A native Icelander who grew up in a remote East Iceland fjord, Óskar Bragi Stefánsson built a global platform proving that one of the world’s smallest languages has a future.
There is a moment, somewhere between a first halting Icelandic sentence and the realization that an entirely new world has opened up, when a student understands what they have actually signed up for. Not just vocabulary or verb conjugations. History. Culture. A thousand years of stories told in a language that has barely changed since the Vikings first settled a volcanic island in the North Atlantic. Óskar Bragi Stefánsson has watched that moment happen more than a thousand times. And every single time, he says, it still means something.
A Language Worth Fighting For
Icelandic is spoken by roughly 370,000 people worldwide, making it one of the smallest living languages on the planet. It faces real pressure from English dominance, digital culture, and the quiet erosion that comes when a language is simply not seen as practical. For many outsiders, it is also considered nearly impossible to learn, a reputation built on complex grammar, unfamiliar sounds, and a near-total absence of quality learning resources.
Óskar grew up in Seyðisfjörður, a small town tucked into a fjord on the eastern coast of Iceland. It is the kind of place that shapes a person’s relationship with language before they are old enough to name it. He began teaching Icelandic online in 2014, years before the concept had any real infrastructure behind it. A decade later, that work had a name: Speak Viking.
Building Something That Did Not Exist
There were few real options for someone who wanted to learn Icelandic outside of a classroom — and even fewer that felt alive. Óskar found that he loved changing that, opening the language up to people who had no obvious way in. Speak Viking grew from that.

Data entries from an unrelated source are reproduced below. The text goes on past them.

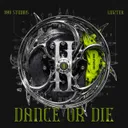 DANCE OR DIE by LIDZTER - Techno cover art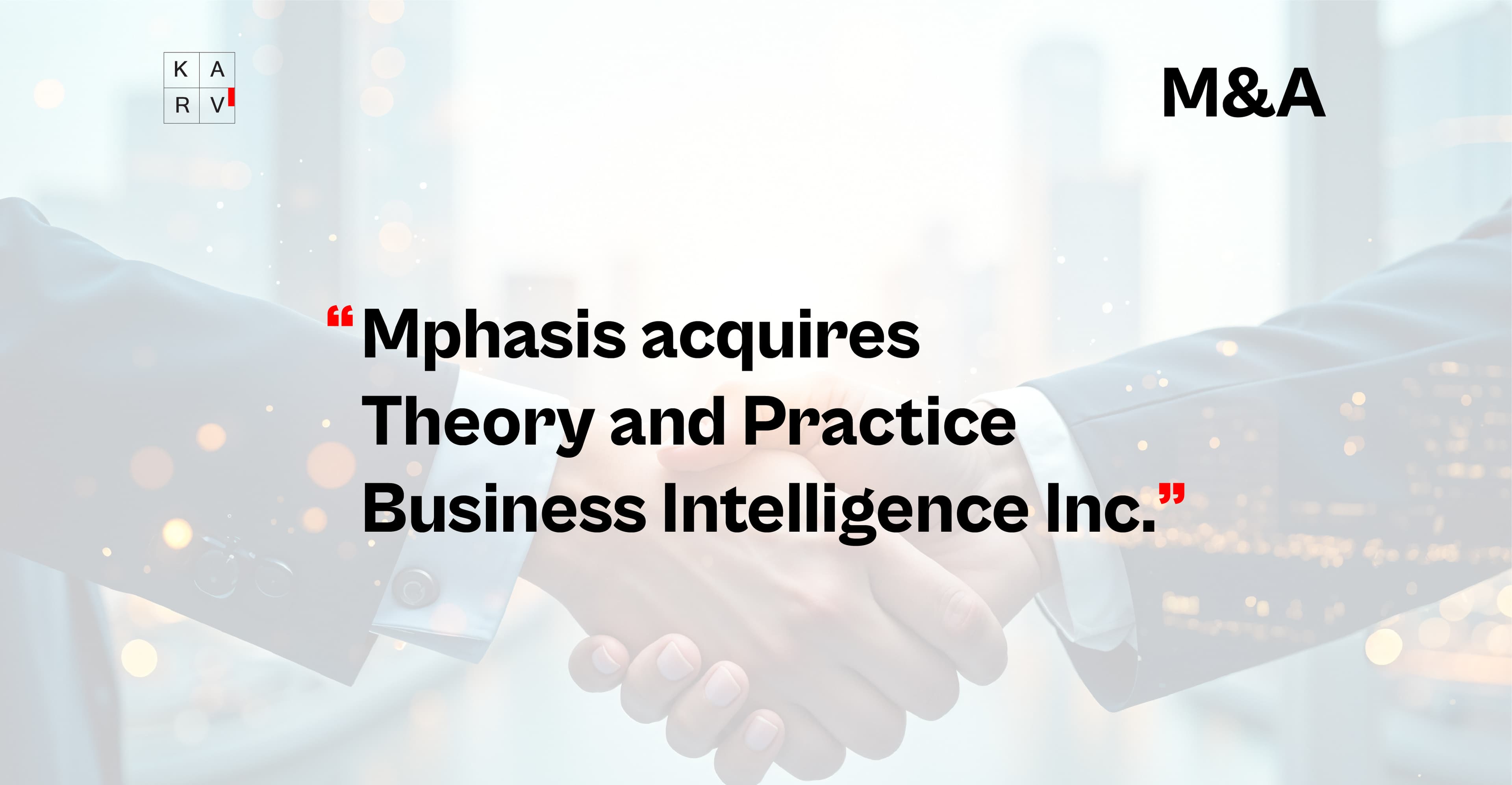 Mphasis acquires Theory and Practice Business Intelligence Inc. to strengthen decision intelligence capabilities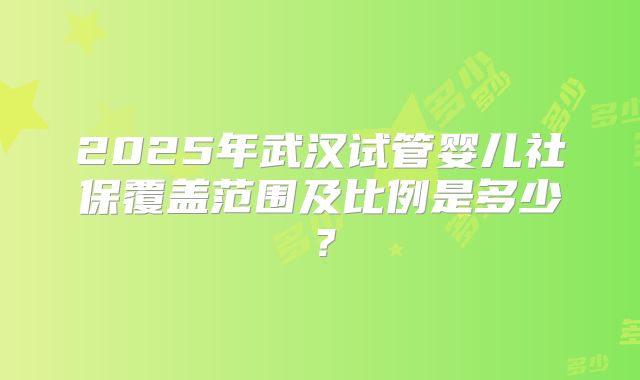 2025年武汉试管婴儿社保覆盖范围及比例是多少？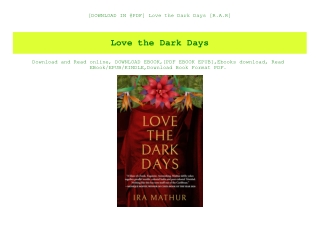 [DOWNLOAD IN @PDF] Love the Dark Days [R.A.R]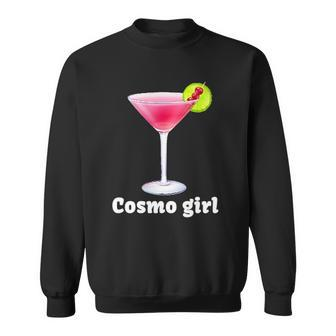 Womens Cosmo Girl Cosmopolitan Drink Cocktail Party Funny Sweatshirt | Mazezy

Speak Viking offers beginner through B2 level online courses, one-on-one Zoom lessons, and digital products, all organized around a single guiding philosophy: conversation first, culture forward. Grammar is not ignored, but it is never the point of entry. The point of entry is the language as it is actually lived, spoken, and felt by the people who grew up with it.
That approach, taught by a native Icelander who genuinely cares whether students can hold a real conversation, does not exist anywhere else at this scale. It is not a feature of the platform. It is the entire foundation.

From One Fjord to Thirty Countries
What Óskar built, he built without a large team, a marketing budget, or institutional backing. He built it with an internet connection, a decade of teaching experience, and a belief that the right students would find him if the work was honest.
They did. Speak Viking now serves more than 1,000 students from over 30 countries, with a community of 43,000 followers across multiple platforms — people from every corner of the world who chose, entirely on their own terms, to spend their time learning one of the smallest languages on earth.
“Icelandic isn’t just a language,” Óskar has said. “It’s a living connection to a thousand years of history. Every person who learns it is keeping something alive that the world can’t afford to lose.”
The Person Behind The Platform
Óskar is a native Icelander who occasionally swims in the Atlantic, takes his coffee seriously, and can talk about movies for longer than most people have patience for. He grew up in Seyðisfjörður, has a daughter in Reykjavík he loves spending time with, and has spoken Icelandic his entire life — which means his students aren’t just learning a language, they’re learning it from someone who lives inside it.
That’s what makes the difference. Culture isn’t a supplement to the lessons. It’s where the lessons come from.

A Small Language With A Global Future
The story of Speak Viking is, in one sense, a straightforward entrepreneurial story: one person identified a gap, built a solution, and found an audience. But it is also something rarer. It is the story of a person who looked at something fragile and decided to protect it — not through institutions or policy, but through genuine human connection, one student at a time.
Every learner who works through a Speak Viking course, books a Zoom lesson, or downloads a digital resource is part of something larger than a language class. In a world where small languages disappear with little fanfare, each one matters more than most people realize.
Óskar Stefánsson started this from a fjord at the edge of the world. The world, it turns out, was listening.